In international trade, all countries strive to reach a contradictory goal. They would like to foster their exports in order to maximize income and profits for their business and industry and earn foreign exchange to strengthen their economy, while at the same time impose restrictions and tariffs to prevent other countries from exporting to them.
Free trade negotiations try to merge these two interests. Each country’s ideal foreign trade policy would be to have unrestricted access to foreign markets for their goods, and impose restrictions on goods from other countries so that they only import what they need and do not import products that will compete in their domestic market. This is, of course, completely impossible as all countries try to achieve this same end.
Free trade negotiations are a result of this give and take between nations as they try to maximize exports and minimize imports. Free trade negotiations between nations occur on a global scale around the year, and free trade agreements have been established between trading nations to achieve some compromises in this arena.
The United States is party to the North American Free Trade Association (NAFTA), the Central American Free Trade Association (CAFTA) and the General Agreement on Tariffs and Trade (GATT), the World Trade Organization (WTO) as well as other smaller free trade agreements and organizations. At these organizations, United States trade representatives meet routinely with the representatives of other nations to hammer out the details of how they will trade with one another. Promoters of international trade agreements usually include large corporations who want unrestricted access to as many markets as possible, but have to prove to the domestic public that jobs will not be lost and individuals suffer.
NAFTA, for example, when it was formed in 1994 “promised it would create hundreds of thousands of new high-wage U.S. jobs, raise living standards in the U.S., Mexico and Canada, improve environmental conditions and transform Mexico from a poor developing country into a booming new market for U.S. exports.” (Public Citizen-Global Trade Watch).

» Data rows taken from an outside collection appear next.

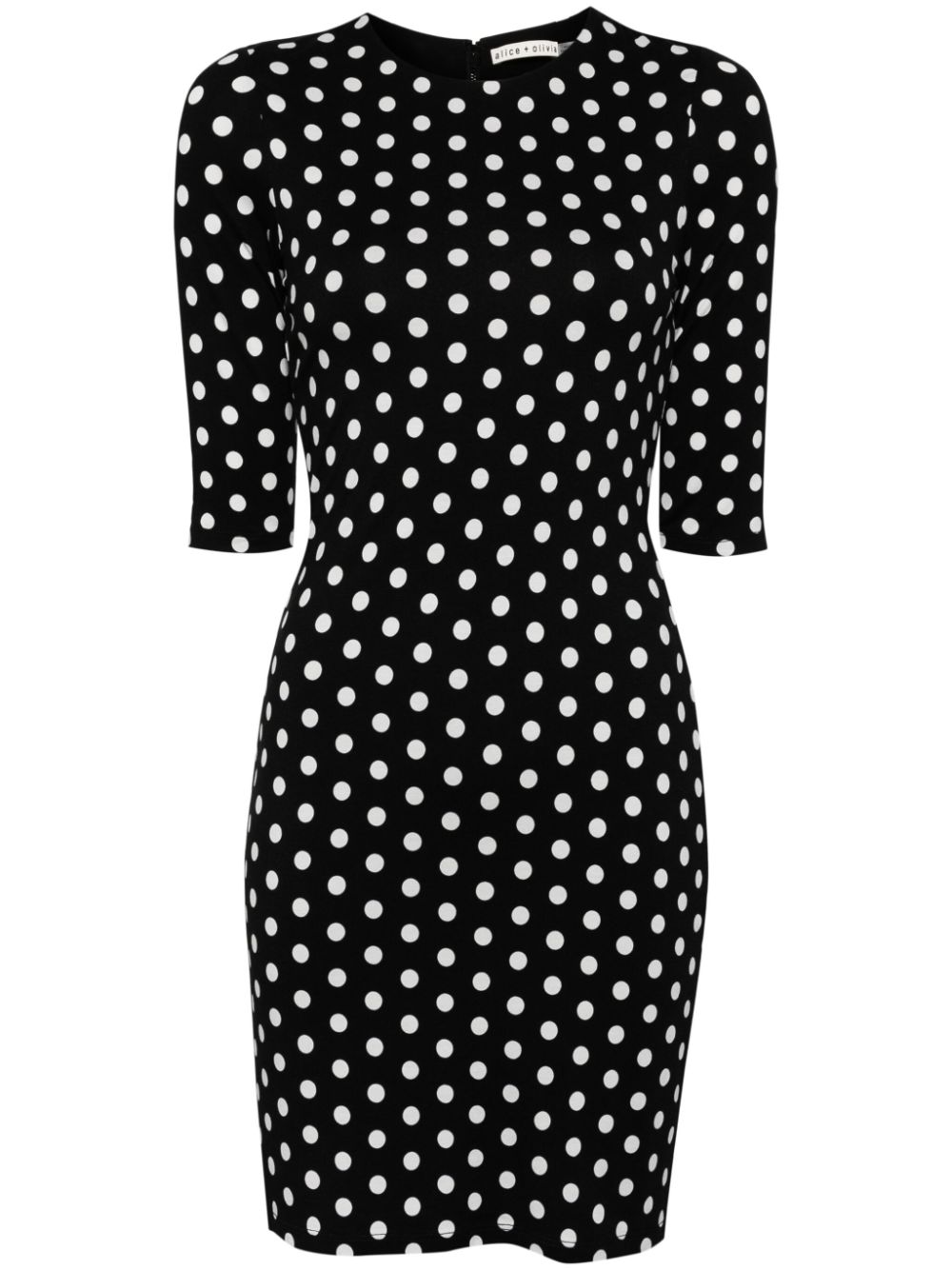 alice + olivia Delora polka dot-print dress - Schwarz von alice + olivia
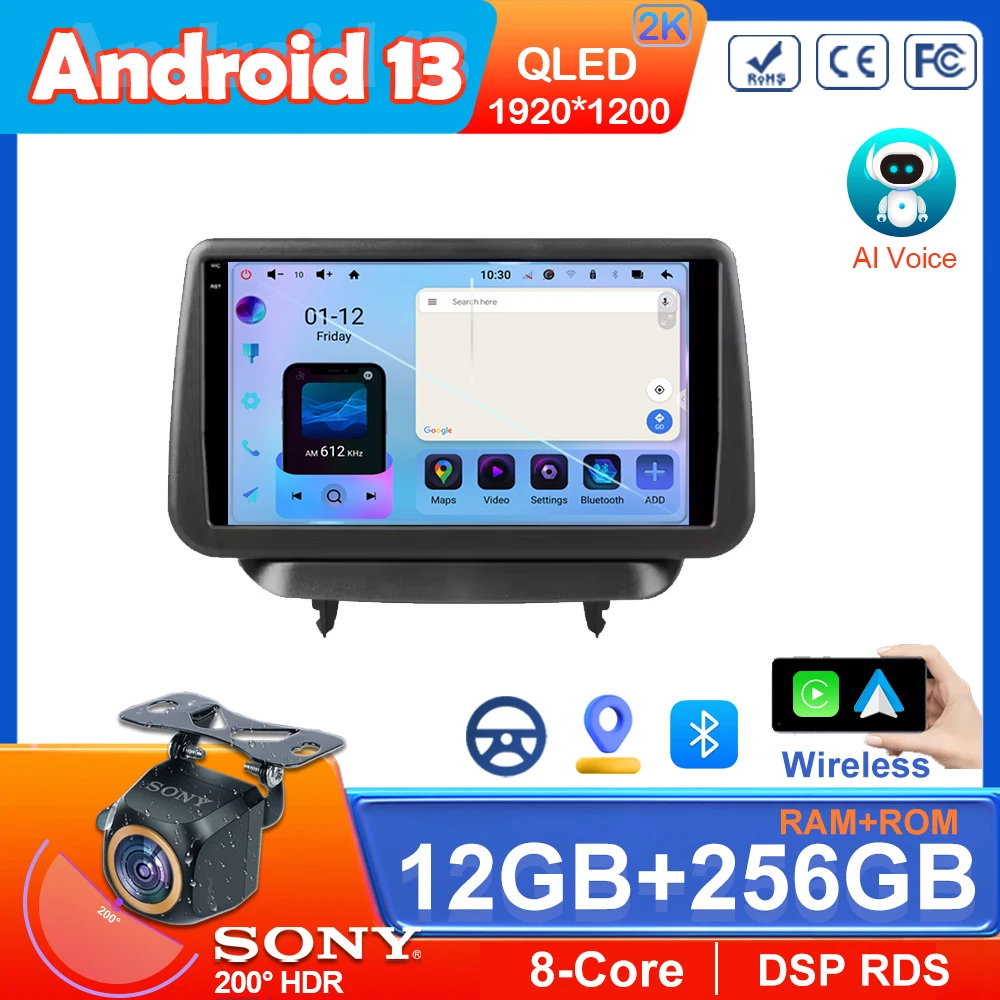 

9 inch Android 14 For Mazda Mazda2 DJ 2019 - 2024 Car Radio Multimedia Video Player Navigation Head Unit 5G Wifi No 2din Screen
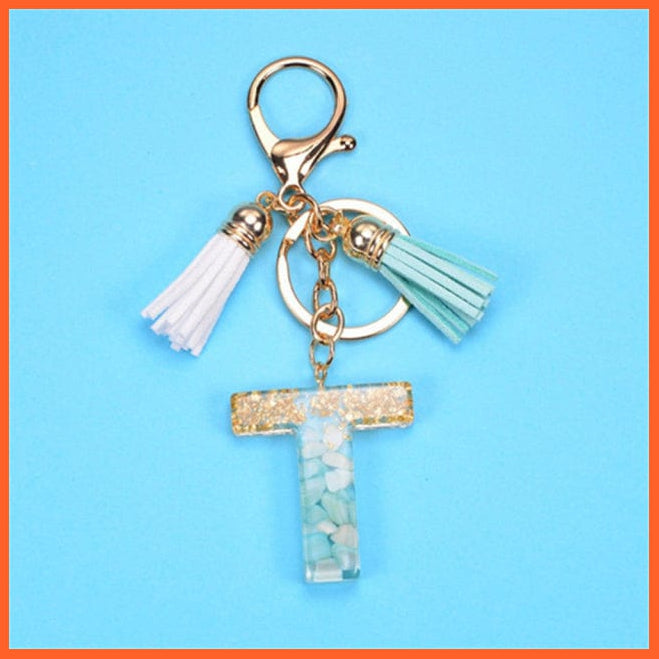 whatagift.com.au Keychains T / China New Exquisite 26 Letters Resin Keychains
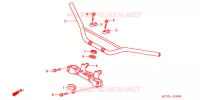 GUIDON   TE DE FOURCHE pour Honda XR 400 de 2004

Countries use tariffs, quotas, subsidies, import regulations, laws, legislation and regulatory measures as well as restrictions on capital flows and investment in order to control the flow of goods across their borders or protect industries threatened by global trade. Free trade negotiations involve concessions in some of these areas in order to achieve a balance and arrive at fair agreements. Here is an example of free trade negotiations at work. In 2005, the European Union has a maximum ceiling of $19.1billion and the United States a maximum ceiling of $75billion to spend on farm subsidies to protect their agricultural industries. (Subsidies to farmers lead to excess crops, pushing prices down, creating a disadvantage for farmers in other countries. The European Union and Japan, who both subsidize their farmers have opposed a U.S. plan requiring them to cut that aid.) As part of the Doha trade negotiations in October, 2005, the United States offered to lower their ceiling by 60% if the European Union cut theirs by 80%. (The Economist October 15, 2005.) Of course, further rounds of negotiations will take place and a compromise will be agreed upon, as each nation tries to give as little as possible and get as much as possible to protect its interests.